_What is needed:_
Exact reproduction of the data is required, with images excluded.

== Data below

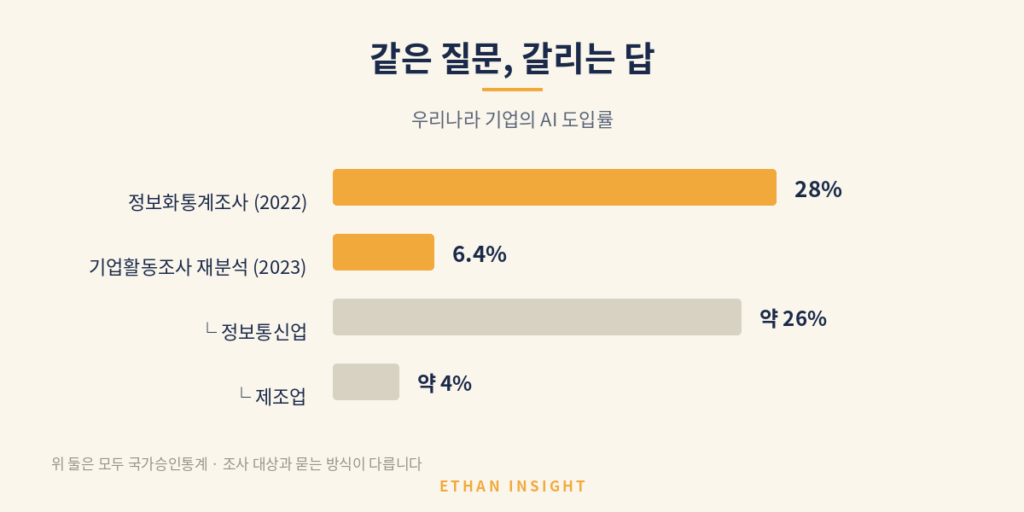 AI 도입률이 조사와 산업에 따라 크게 갈리는 정도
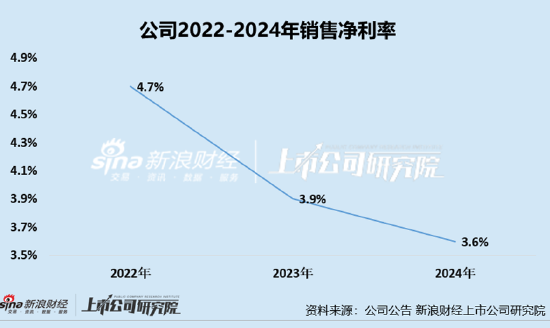 凯诘电商转战港交所(🥄)：品牌(🥃)自运营成趋势行业景气度下滑、业绩接连双降 前五大品牌GMV占比超80%
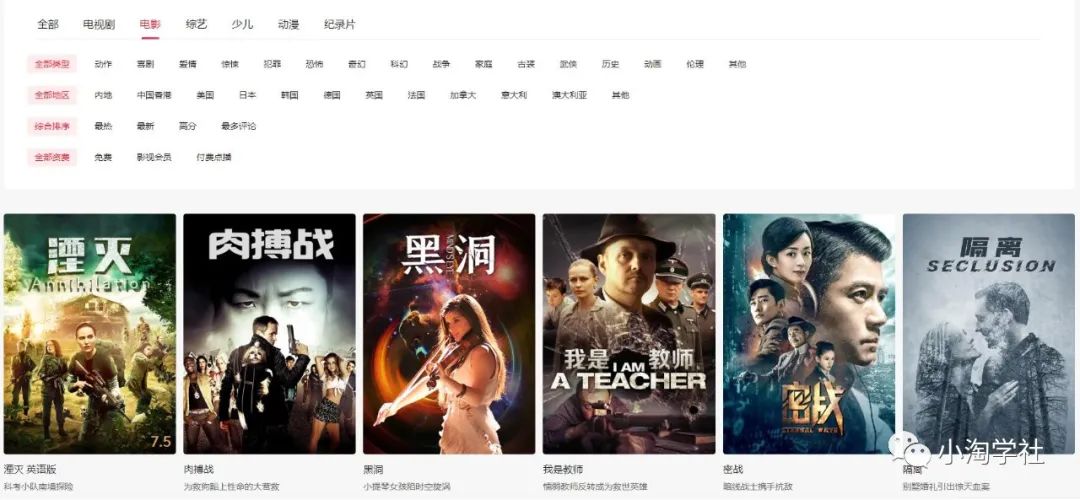 抖音电影解说项目实操详解，无需自己配音- 副业 - 兼职-冷颜学社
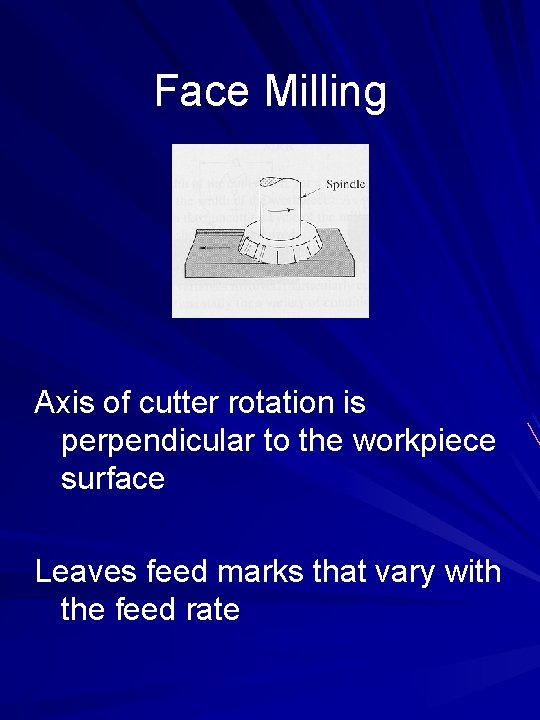 Face Milling Axis of cutter rotation is perpendicular to the workpiece surface Leaves feed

====

_Exercise output:_
 AI 도입률이 조사와 산업에 따라 크게 갈리는 정도
 凯诘电商转战港交所(🥄)：品牌(🥃)自运营成趋势行业景气度下滑、业绩接连双降 前五大品牌GMV占比超80%
 抖音电影解说项目实操详解，无需自己配音- 副业 - 兼职-冷颜学社
 Face Milling Axis of cutter rotation is perpendicular to the workpiece surface Leaves feed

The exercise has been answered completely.